The season opened Aug. 20, with 41 hunters receiving tags. State wildlife commissioners set a limit of 20 bears, with no more than six females.
The season will close when either threshold is met or on Dec. 31, whichever comes first.
The 13 kills were “higher than we really thought it would be,” Department of Wildlife spokesman Chris Healy said.
All but two of the bruins have been killed on the east side of U.S. 395 in the Pine Nut and Sweetwater mountains south and east of Gardnerville and in the Pine Grove Hills in Lyon County.
None have been killed in the Lake Tahoe Basin, where opposition to the hunt was strongest.
Healy said none of the bears had been tagged as having previous run-ins with humans, such as raiding garbage or breaking into homes in search of food.
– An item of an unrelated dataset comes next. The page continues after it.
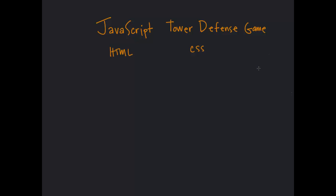But in the case that you don't want to learn it, there is a form of JavaScript that allows you to bypass that whole step. If you look online for p5.js, it's a library, a JavaScript library, that allows you to jump right into JavaScript without knowing any HTML or CSS.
“They were all wild bears,” he said.
When the Wildlife Commission considered establishing the first bear hunt in Nevada history, some members said it could help reduce the problem of nuisance bears.
But Mother Nature this year provided a good water year that helped sustain berries and other bear fodder. Given natural food sources, bears — unless accustomed to trash — are more apt to avoid urban foraging and conflicts with people.
“We’ve had a very slow nuisance bear year, and when the data is crunched, we’ll probably have one of the slowest nuisance bear years in the past decade,” Healy said.
That’s in stark contrast to 2007, when Nevada wildlife biologists responded to about 1,500 problem calls. That year saw hot temperatures and drought conditions. Bears were also displaced by the Angora Fire that burned 3,000 acres and destroyed 250 homes on Tahoe’s west side.
“This year there seems to be plenty of natural food,” Healy said. “If there wasn’t the bears would be letting us know.”
A legislative panel last month approved making the bear hunt a permanent event, the same as hunting other species such as deer and elk.
The Wildlife Commission each year will set dates for bear hunting season and quotas on the number that can be killed.